The World Health Organization classifies adult BMI as follows:

BMICategory
Below 18.5Underweight
18.5 – 24.9Normal weight
25.0 – 29.9Overweight
30.0 and aboveObese

Healthy weight by height

The weight range that corresponds to a "normal" BMI (18.5–24.9) for a range of heights:

HeightHealthy weight range
155 cm44–60 kg
160 cm47–64 kg
165 cm50–68 kg
170 cm53–72 kg
175 cm57–76 kg
180 cm60–81 kg
185 cm63–85 kg
190 cm67–90 kg

What BMI tells you — and what it doesn't

BMI's strength is also its weakness: it's simple. It can't distinguish muscle from fat, so a muscular athlete may register as "overweight" or even "obese" while carrying very little fat. It says nothing about where you store fat, even though abdominal fat carries more health risk than fat on the hips. And it can mislead for older adults, who may have a "normal" BMI but low muscle mass. Treat BMI as a starting flag, not a diagnosis — a reason to look closer, not a verdict.

BMI for different groups

The standard adult categories don't apply universally. Children and teens use age- and sex-specific BMI percentiles rather than fixed cut-offs, because healthy ranges change as they grow. Some ethnic groups face elevated health risks at lower BMIs — for instance, lower thresholds are often recommended for people of South Asian descent. And pregnant people shouldn't use standard BMI at all. If you're in one of these groups, interpret your number with that context and ideally with a healthcare professional.

Going beyond BMI

Because BMI is blunt, it's best paired with measures that capture body composition and fat distribution. Waist circumference and waist-to-height ratio flag abdominal fat that BMI misses. Body fat percentage directly estimates how much of you is fat versus lean — try our body fat calculator. And if you want a target weight for your height, the ideal weight calculator builds on the same healthy-range logic. Together these give a far richer picture than BMI alone.

What BMI is linked to

The reason BMI endures despite its bluntness is that, across large groups, it tracks health risk reasonably well. A BMI in the obese range is statistically associated with higher rates of type 2 diabetes, high blood pressure, heart disease, certain cancers and joint problems. At the other end, being underweight carries its own risks — weakened immunity, bone loss and nutritional deficiencies. These are population-level associations, not individual destinies: plenty of people sit outside the "normal" band and are healthy. But they explain why BMI remains a useful first screen for clinicians and public-health researchers.

Where BMI came from

BMI isn't a modern invention. It was devised in the 1830s by the Belgian mathematician Adolphe Quetelet as a way to describe the "average man" in population statistics — which is exactly what it's good at, and exactly why it falls short for individuals. It was never designed as a personal health diagnostic. The term "body mass index" was coined much later, in the 1970s, when researchers confirmed it correlated with body fat across populations better than rival indices. Knowing its statistical origins helps explain both its usefulness and its limits.
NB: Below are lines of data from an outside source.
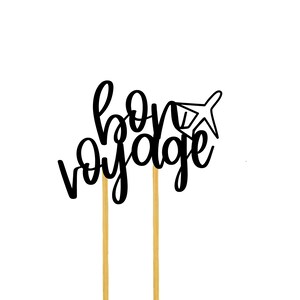 May include: Black and white cake topper with the text "bon voyage" and a small airplane graphic. The topper is on two gold sticks.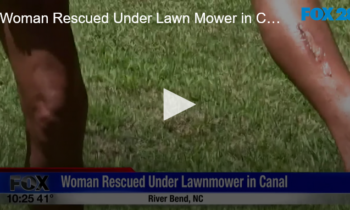 Woman Rescued Under Lawn Mower in Canal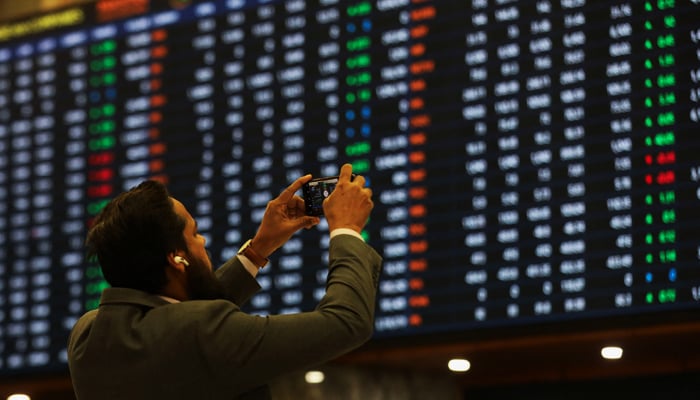 A man uses a mobile phone as he takes a photo of the electronic board displaying share prices during a trading session at the Pakistan Stock Exchange, in Karachi, November 28, 2023. — Reuters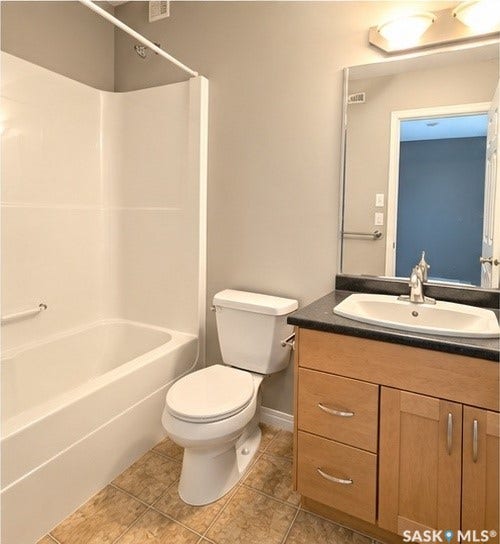 Tile flooring, light wood-finish vanity, integrated sink, dark countertop, and a white tub/shower combination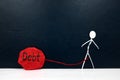 Stick man figure tied with a rope on a red rock with written word debt. Burden of paying debt concept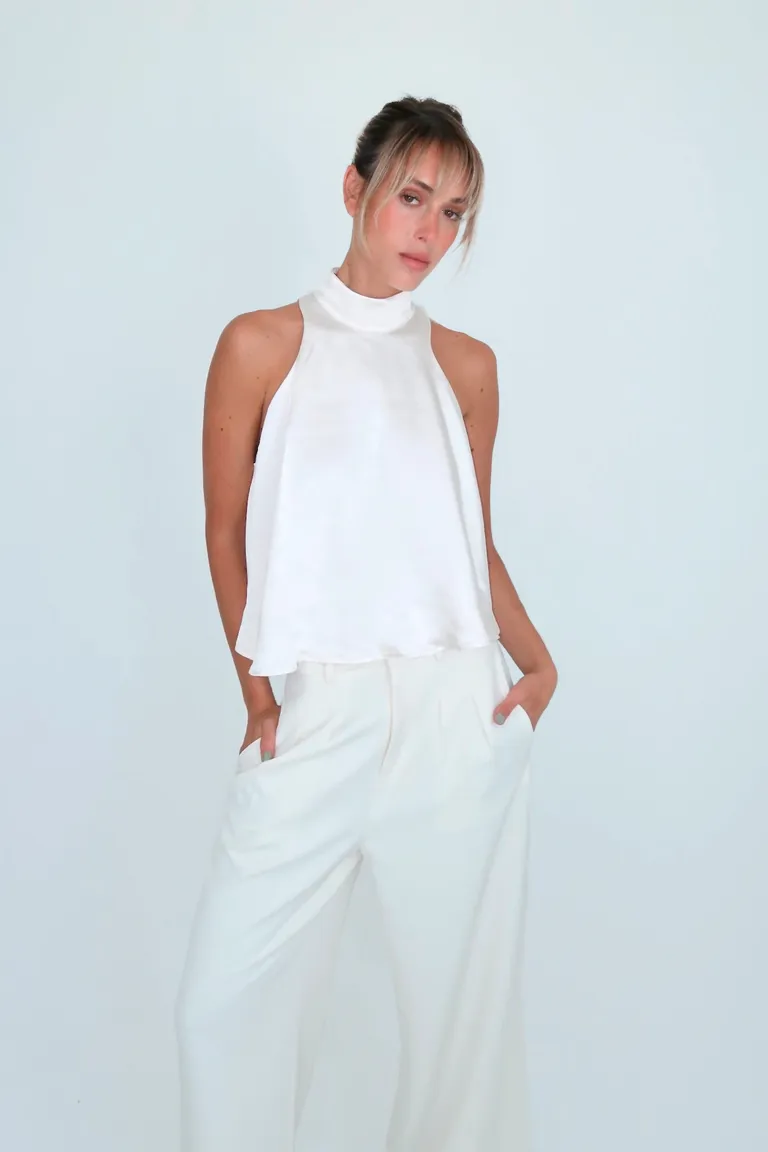 Top de cuello alto y escote halter en satén y crepe con botones metálicos en la espalda de Naíma en Tops para argentina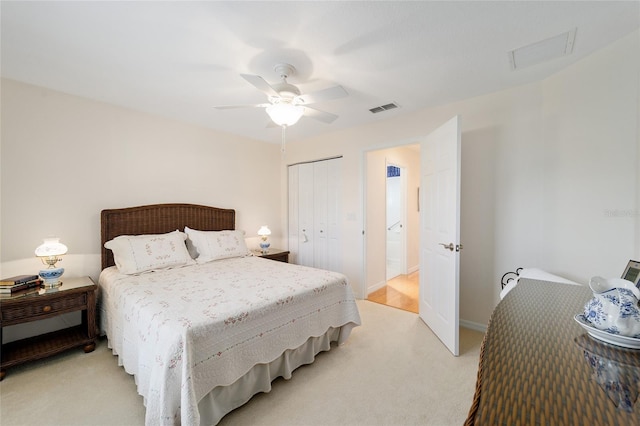 carpeted bedroom with ceiling fan and a closet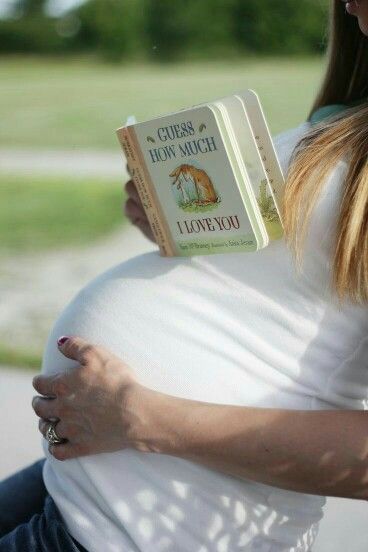 a pregnant woman reading a book while holding her belly up in front of the camera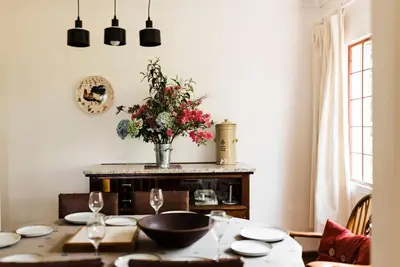 a dining room with a table with a vase of flowers at Verkijken Cottage in Haenertsburg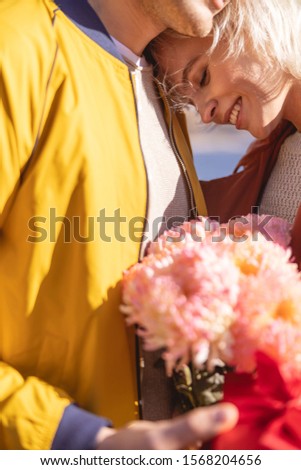 Close up picture of smiling young lady leaning on shoulder of her boyfriend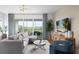 Living room with L-shaped sectional and sliding glass doors to balcony at 9985 Key Haven Rd, Seminole, FL 33777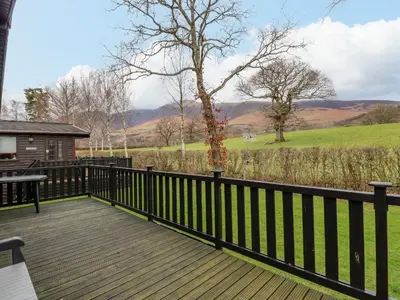 a wooden deck with a view of a field at The Fold in Keswick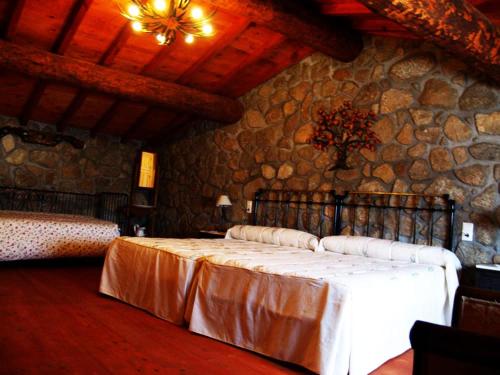 a bedroom with a bed in a stone wall at Escápate y desconecta en Son Soles! in Blacha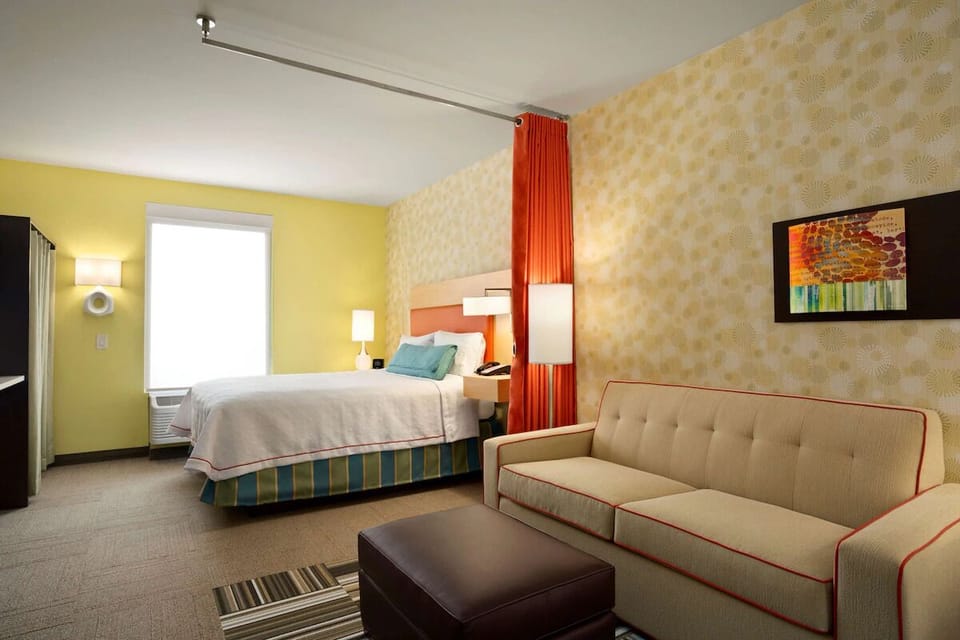 Unwind in a bright suite with cozy sofa seating.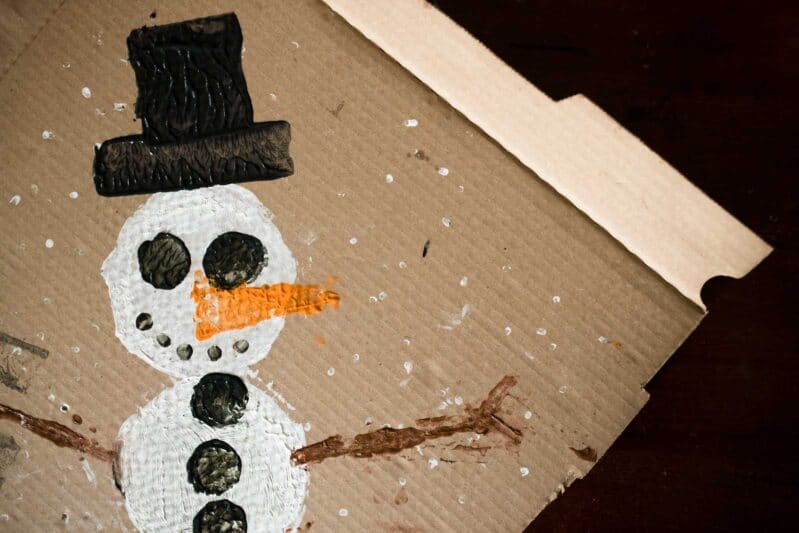 Upcycle a pizza box into a wintery snowman painting project for kids!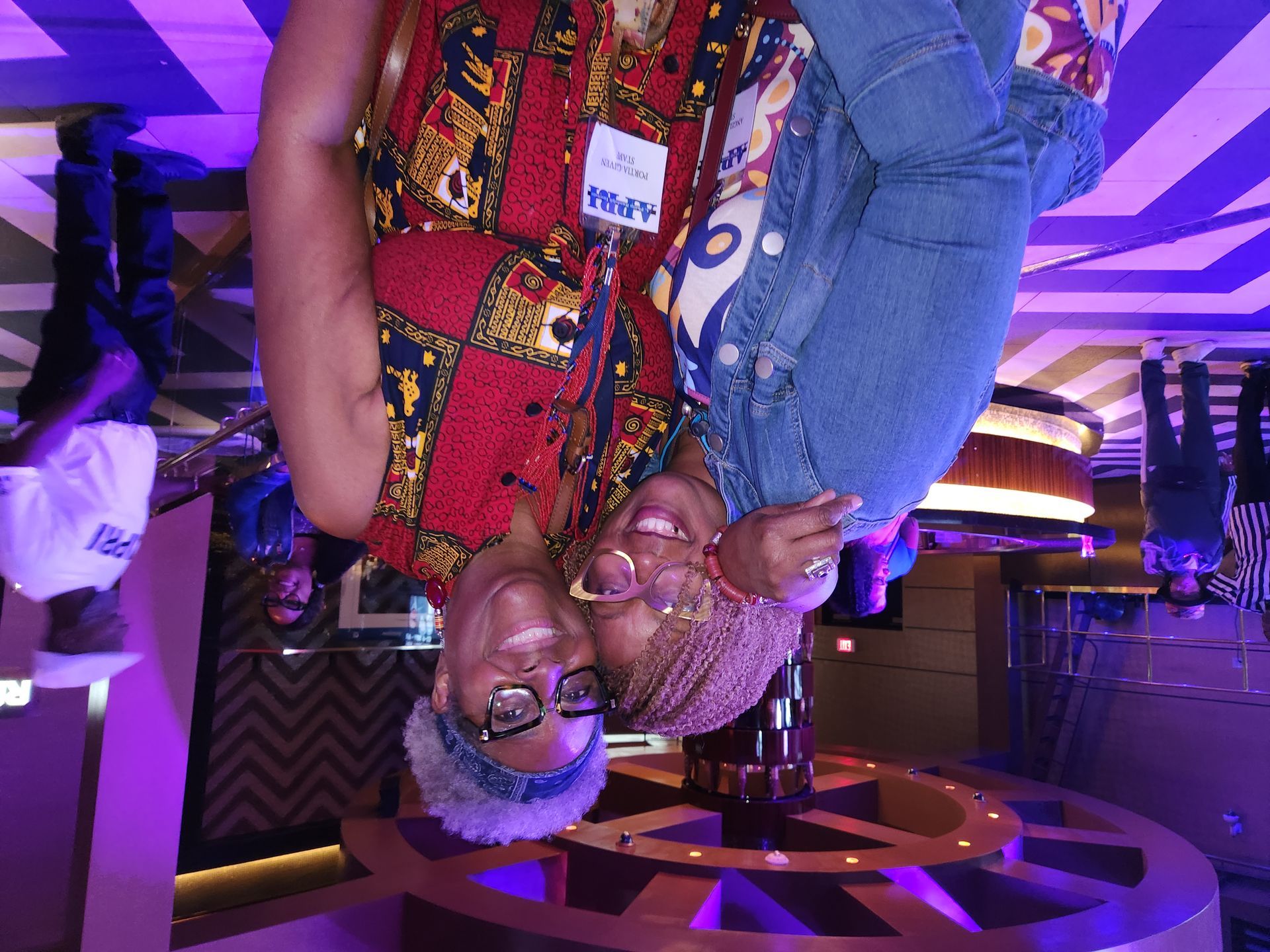Two women in a room with purple lights at an APRI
How to move toward a healthy BMI

If your goal is to shift your BMI into the healthy range, the levers are the familiar ones: a sustainable calorie balance and regular activity. To lose weight, a moderate calorie deficit — see our TDEE calculator — paired with strength training preserves muscle so you lose mostly fat (which, helpfully, also improves your body composition beyond what BMI shows). To gain healthily if you're underweight, a modest surplus plus resistance training adds muscle. In both cases, slow and steady changes you can maintain beat dramatic ones you can't.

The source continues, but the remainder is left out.